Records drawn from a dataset
|---|

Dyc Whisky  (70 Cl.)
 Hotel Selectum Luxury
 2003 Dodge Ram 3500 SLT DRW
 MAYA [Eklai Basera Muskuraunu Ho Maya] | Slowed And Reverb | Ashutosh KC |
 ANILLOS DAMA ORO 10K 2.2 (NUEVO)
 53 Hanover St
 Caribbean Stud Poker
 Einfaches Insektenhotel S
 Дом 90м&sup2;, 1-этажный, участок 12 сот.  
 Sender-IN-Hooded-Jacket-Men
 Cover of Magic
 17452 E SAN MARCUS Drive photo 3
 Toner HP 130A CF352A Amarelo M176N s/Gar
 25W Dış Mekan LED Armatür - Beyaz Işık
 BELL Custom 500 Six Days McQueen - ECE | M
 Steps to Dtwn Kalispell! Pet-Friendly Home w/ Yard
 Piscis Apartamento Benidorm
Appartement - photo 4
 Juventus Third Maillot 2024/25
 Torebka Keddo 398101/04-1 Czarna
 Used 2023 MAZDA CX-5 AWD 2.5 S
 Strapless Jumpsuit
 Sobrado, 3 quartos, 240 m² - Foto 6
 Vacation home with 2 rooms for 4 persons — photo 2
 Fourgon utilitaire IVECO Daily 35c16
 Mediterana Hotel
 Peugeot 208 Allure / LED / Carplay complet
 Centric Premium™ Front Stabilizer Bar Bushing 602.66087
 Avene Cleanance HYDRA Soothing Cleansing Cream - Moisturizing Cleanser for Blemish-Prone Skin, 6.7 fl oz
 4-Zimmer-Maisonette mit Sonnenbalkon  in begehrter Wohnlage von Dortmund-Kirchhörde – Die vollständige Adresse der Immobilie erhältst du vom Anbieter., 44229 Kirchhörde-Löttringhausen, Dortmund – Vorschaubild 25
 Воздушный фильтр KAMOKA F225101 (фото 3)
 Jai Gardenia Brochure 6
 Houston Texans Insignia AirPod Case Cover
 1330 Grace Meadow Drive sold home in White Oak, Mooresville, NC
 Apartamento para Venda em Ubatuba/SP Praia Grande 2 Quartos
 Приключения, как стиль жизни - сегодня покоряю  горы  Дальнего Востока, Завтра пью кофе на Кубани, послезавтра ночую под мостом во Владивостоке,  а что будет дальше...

|---|

- **WHAT YOU ARE ASKED TO DO**
Reproduce the full set of records precisely.

- **EXPECTED OUTPUT**
Dyc Whisky  (70 Cl.)
 Hotel Selectum Luxury
 2003 Dodge Ram 3500 SLT DRW
 MAYA [Eklai Basera Muskuraunu Ho Maya] | Slowed And Reverb | Ashutosh KC |
 ANILLOS DAMA ORO 10K 2.2 (NUEVO)
 53 Hanover St
 Caribbean Stud Poker
 Einfaches Insektenhotel S
 Дом 90м&sup2;, 1-этажный, участок 12 сот.  
 Sender-IN-Hooded-Jacket-Men
 Cover of Magic
 17452 E SAN MARCUS Drive photo 3
 Toner HP 130A CF352A Amarelo M176N s/Gar
 25W Dış Mekan LED Armatür - Beyaz Işık
 BELL Custom 500 Six Days McQueen - ECE | M
 Steps to Dtwn Kalispell! Pet-Friendly Home w/ Yard
 Piscis Apartamento Benidorm
Appartement - photo 4
 Juventus Third Maillot 2024/25
 Torebka Keddo 398101/04-1 Czarna
 Used 2023 MAZDA CX-5 AWD 2.5 S
 Strapless Jumpsuit
 Sobrado, 3 quartos, 240 m² - Foto 6
 Vacation home with 2 rooms for 4 persons — photo 2
 Fourgon utilitaire IVECO Daily 35c16
 Mediterana Hotel
 Peugeot 208 Allure / LED / Carplay complet
 Centric Premium™ Front Stabilizer Bar Bushing 602.66087
 Avene Cleanance HYDRA Soothing Cleansing Cream - Moisturizing Cleanser for Blemish-Prone Skin, 6.7 fl oz
 4-Zimmer-Maisonette mit Sonnenbalkon  in begehrter Wohnlage von Dortmund-Kirchhörde – Die vollständige Adresse der Immobilie erhältst du vom Anbieter., 44229 Kirchhörde-Löttringhausen, Dortmund – Vorschaubild 25
 Воздушный фильтр KAMOKA F225101 (фото 3)
 Jai Gardenia Brochure 6
 Houston Texans Insignia AirPod Case Cover
 1330 Grace Meadow Drive sold home in White Oak, Mooresville, NC
 Apartamento para Venda em Ubatuba/SP Praia Grande 2 Quartos
 Приключения, как стиль жизни - сегодня покоряю  горы  Дальнего Востока, Завтра пью кофе на Кубани, послезавтра ночую под мостом во Владивостоке,  а что будет дальше...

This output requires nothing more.